Imagine one day you are downloading a new application – a fitness tracking app I would say. After the app finishes the installation process, you open it and then the application is now asking you to create an account to continue using it.

If you are like me – a lazy guy who is always too tired to type all the information about username and password then you will skip this step and maybe even uninstall the app. Luckily, you see a second option to log in called “Login with Google”. Then no second of hesitation you quickly click on it and now the app is automatically connected to your Google account and you are creating a new fitness account in less than a second!
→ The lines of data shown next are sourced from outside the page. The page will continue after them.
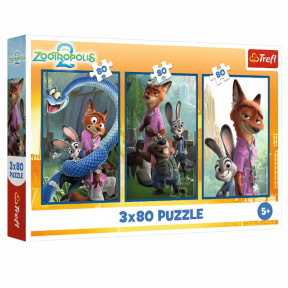 Puzzle Trefl "3x80" - Pet investigation / Disney Zootopia 2
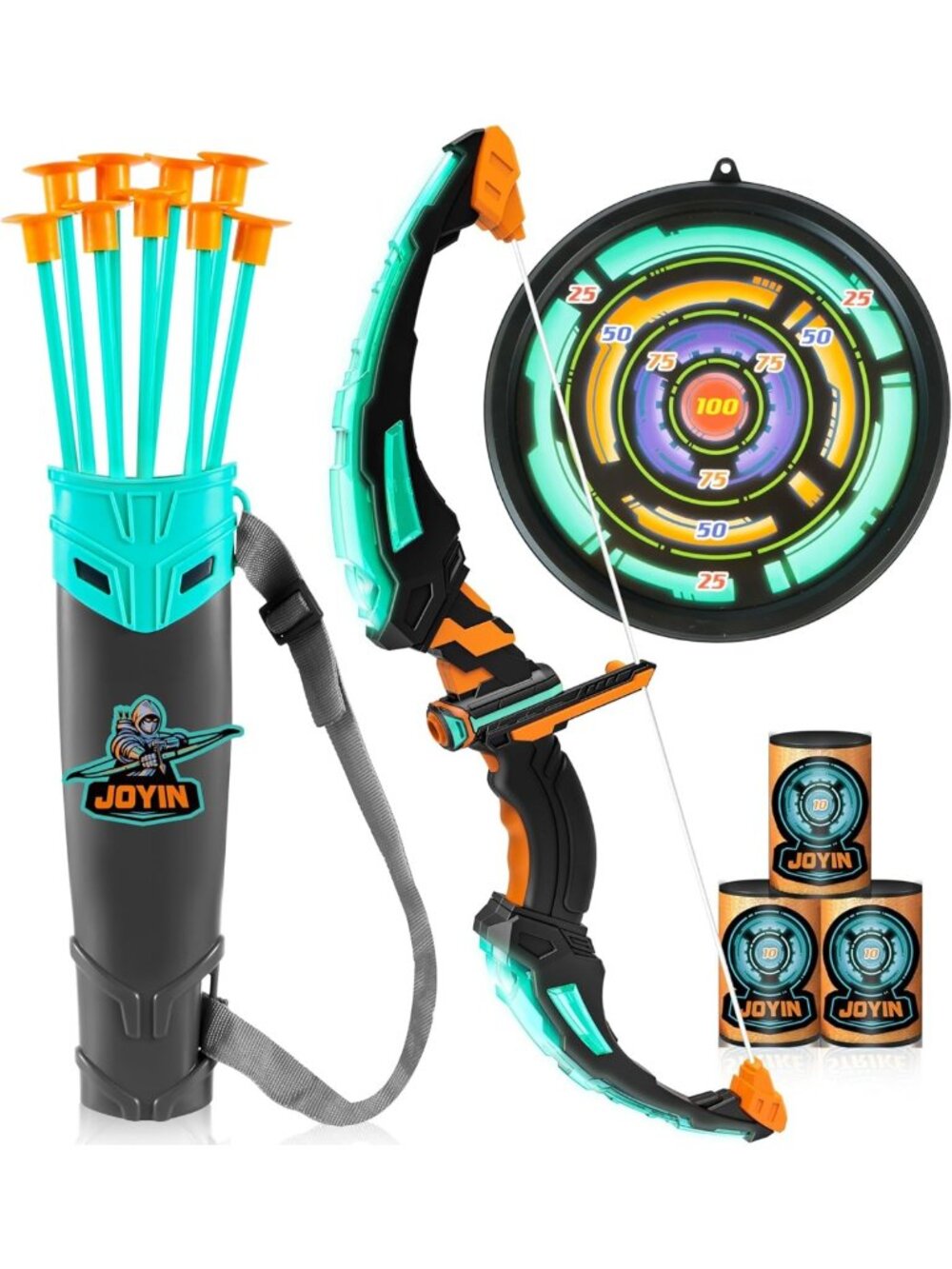 Light Up Kids Bow and Arrow Set with Suction Cup Arrows & Target - Fun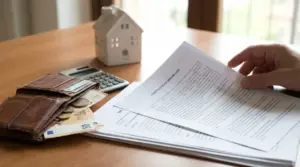Documenti immobiliari sul tavolo con portafoglio, contanti, calcolatrice e casetta, tema IMU sulla casa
So do you ever wonder: “How do Google and other platforms help you reduce the boilerplate of creating accounts?”. In this article, we will talk about authentication using third parties involved, or OAuth for short. How it works behind the scene and some best practices when implementing and using the OAuth systems for both tech and non-tech persons.

What is OAuth?

OAuth (or Open Authorization) is a protocol used for authorization that allows applications permissions to access resources of other applications on behalf of a user without having to share the password to those applications.

OAuth works by sharing a special token called an access token with client applications that want to access the resources. Typically, this token is a random string generated by the OAuth server with the purpose of authentication and also authorization delegation that only exists for a small amount of time and can only access part of the resources from the application. We will discuss in more detail how actual OAuth works in the upcoming section.

Client applications that want to access through the OAuth protocol have to pre-define how much access to the resources they want (or the scope of the access). The resources owner (application user) has the right to approve clients’ access requests and if he is denied then the authentication process will be discontinued.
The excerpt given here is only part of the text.